> [Exercise inputs]
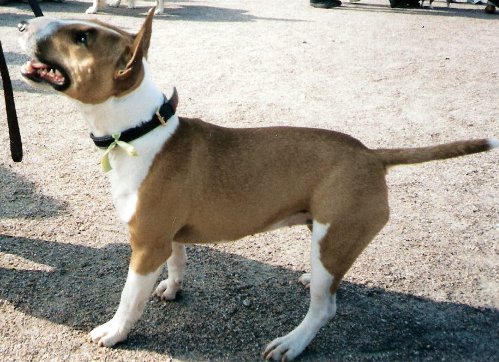 Miniature Bull Terrier — 6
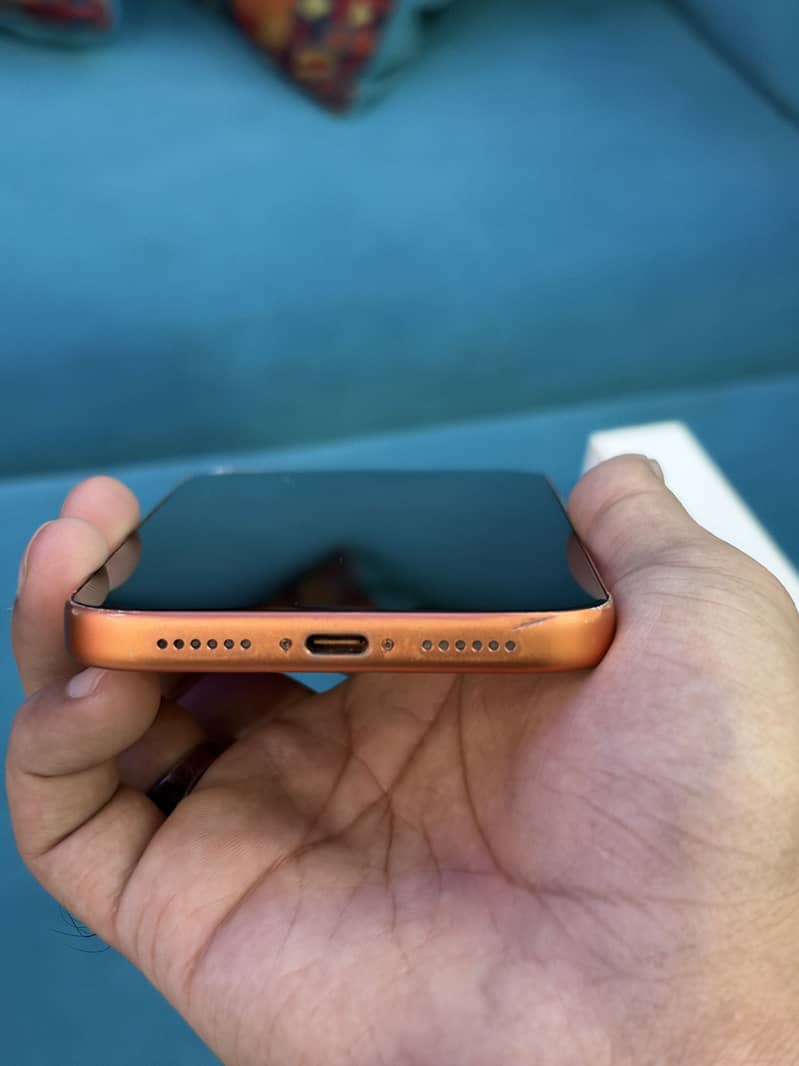 Apple iPhone 17 Pro Max (Panel Replaced) 1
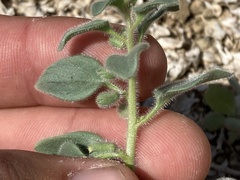 Pseudorontium cyathiferum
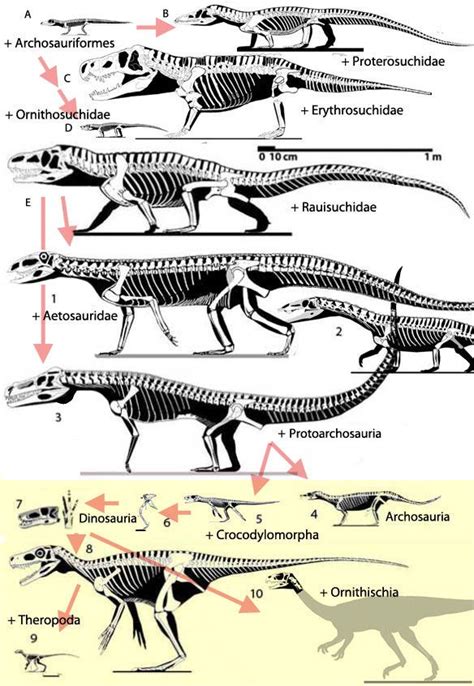 Origin of Dinosaurs – Updated | Prehistoric animals, Dinosaur history ...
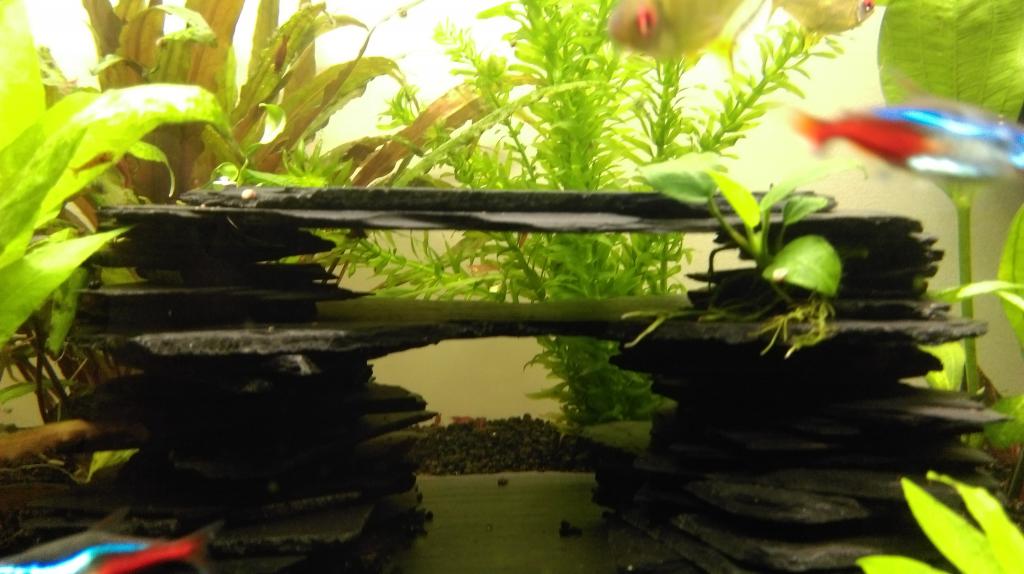 Mon nouveau aquarium Imag0037-min-4da33f2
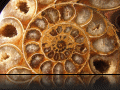 Ammonite1.jpg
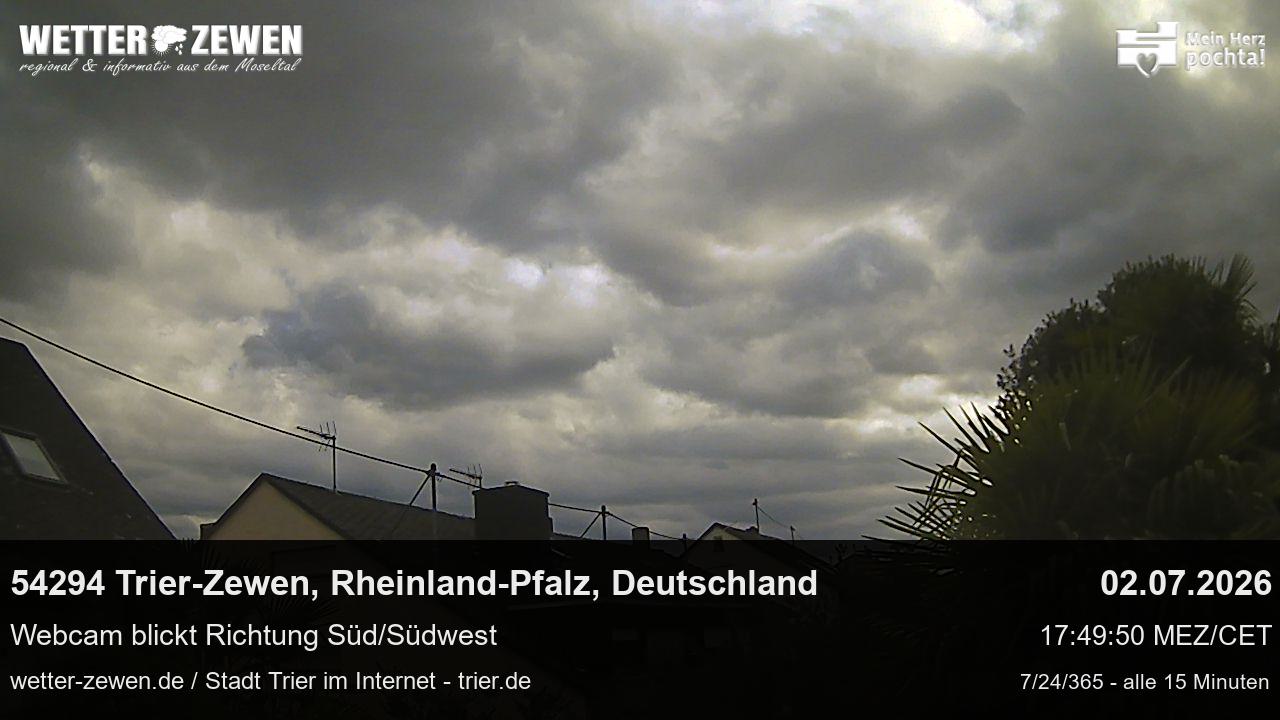 Bild
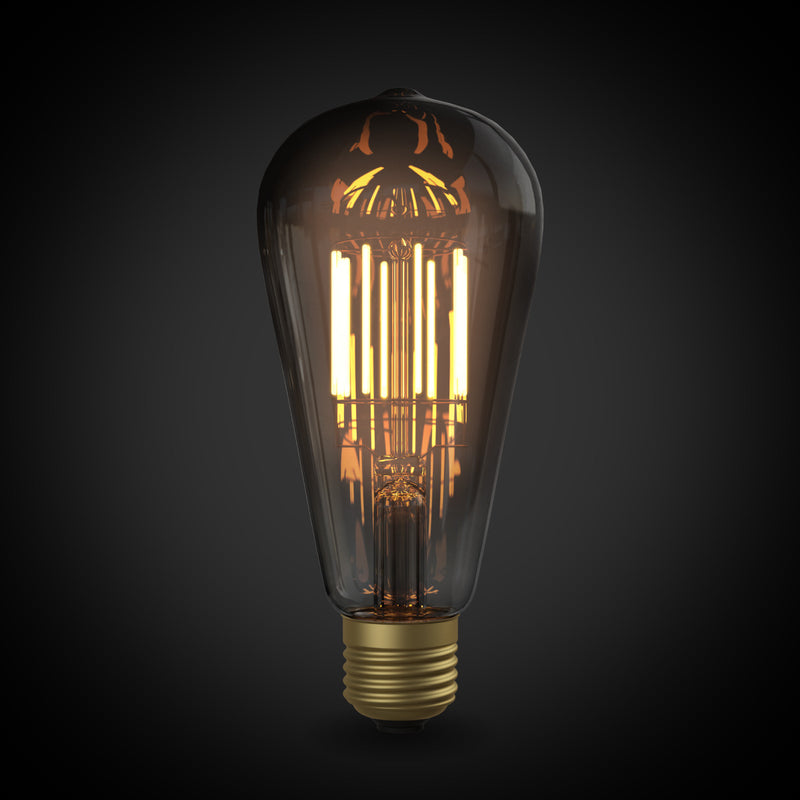 OnlyOne サイフォン LDF95D エジソン黒（E26)2200K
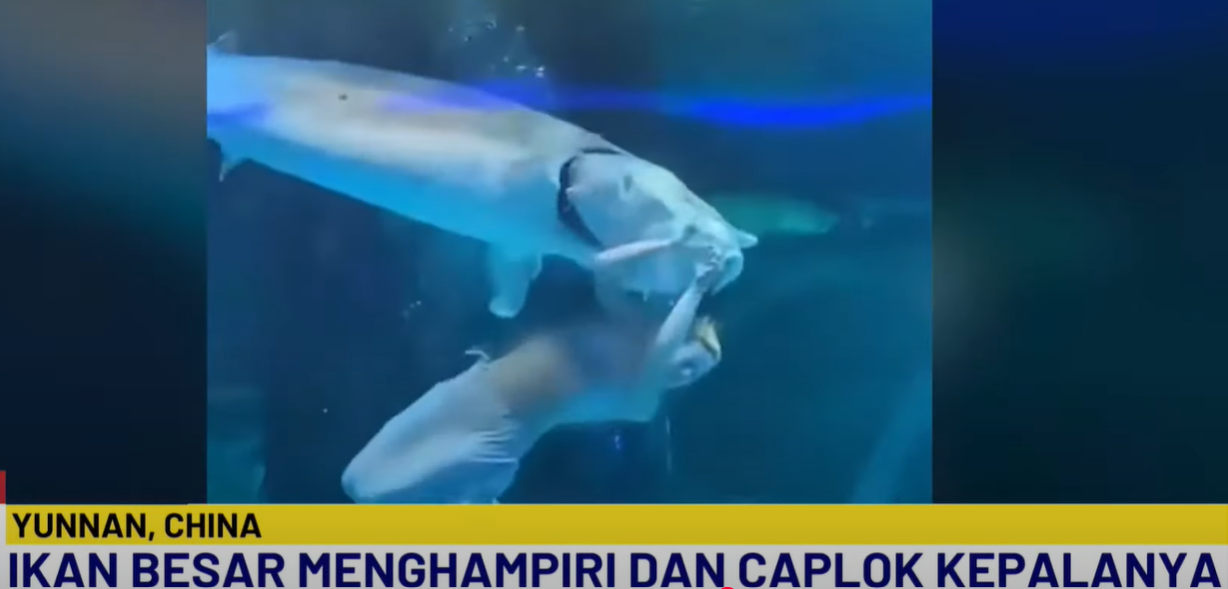 Penari Putri Duyung Dicaplok Ikan Raksasa, menawarkan ganti rugi sebesar $100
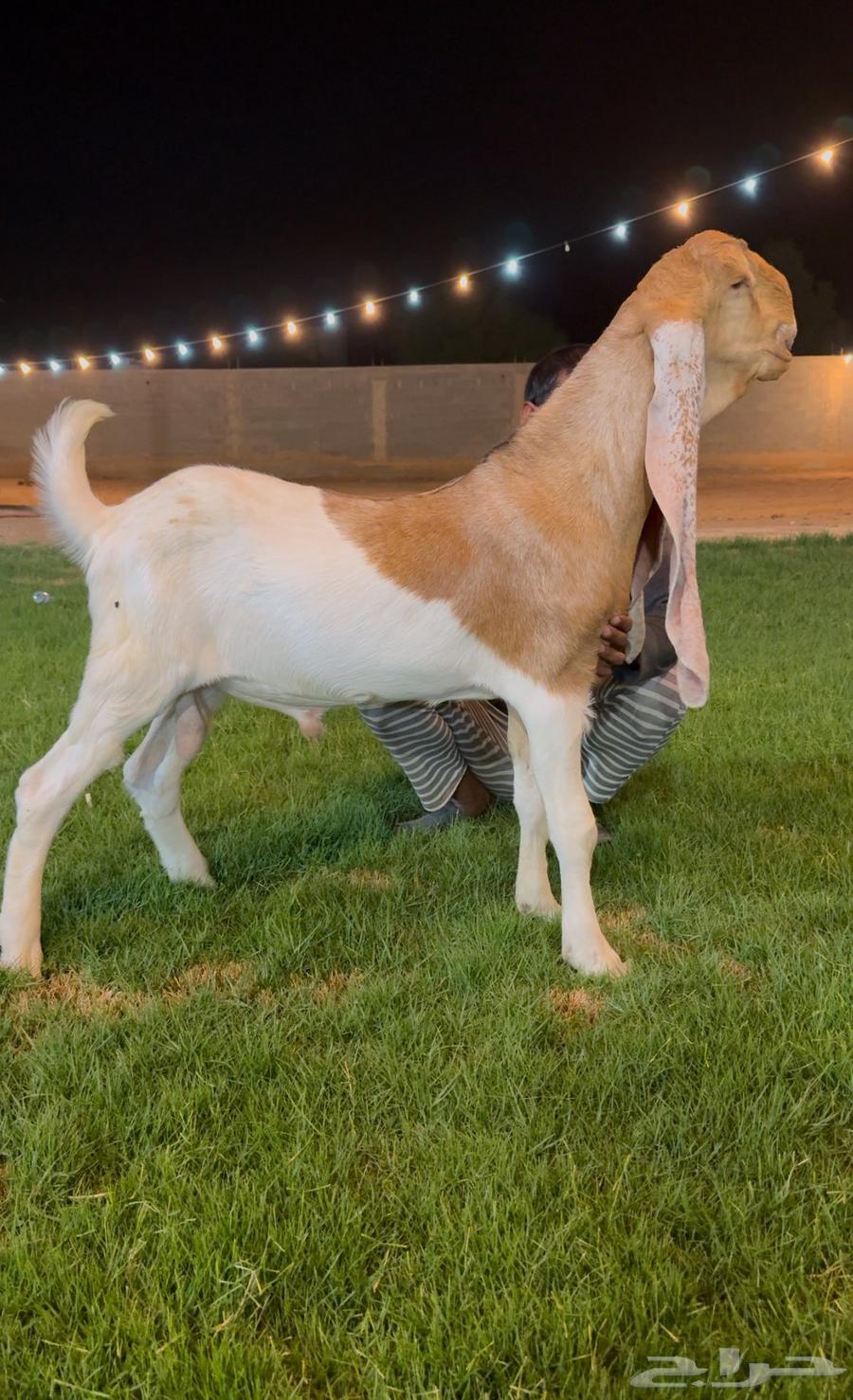 تم البيع جفر هولندي مشروع فحل لاهل الزبن64534244636675111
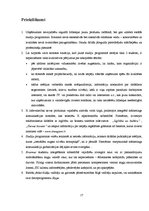 Prakses atskaite 'Prakses atskaite mārketingā. Audita izziņa', 17.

> [Your assignment] Copy, exactly and exclusively, the lines beginning with the one that contains "OnlyOne サイフォン LDF95D エジソン黒（E26)2200K" and ending with the last line of the listing; pictures are to be omitted.

> [Output for this exercise]
 OnlyOne サイフォン LDF95D エジソン黒（E26)2200K
 Penari Putri Duyung Dicaplok Ikan Raksasa, menawarkan ganti rugi sebesar $100
 تم البيع جفر هولندي مشروع فحل لاهل الزبن64534244636675111
 Prakses atskaite 'Prakses atskaite mārketingā. Audita izziņa', 17.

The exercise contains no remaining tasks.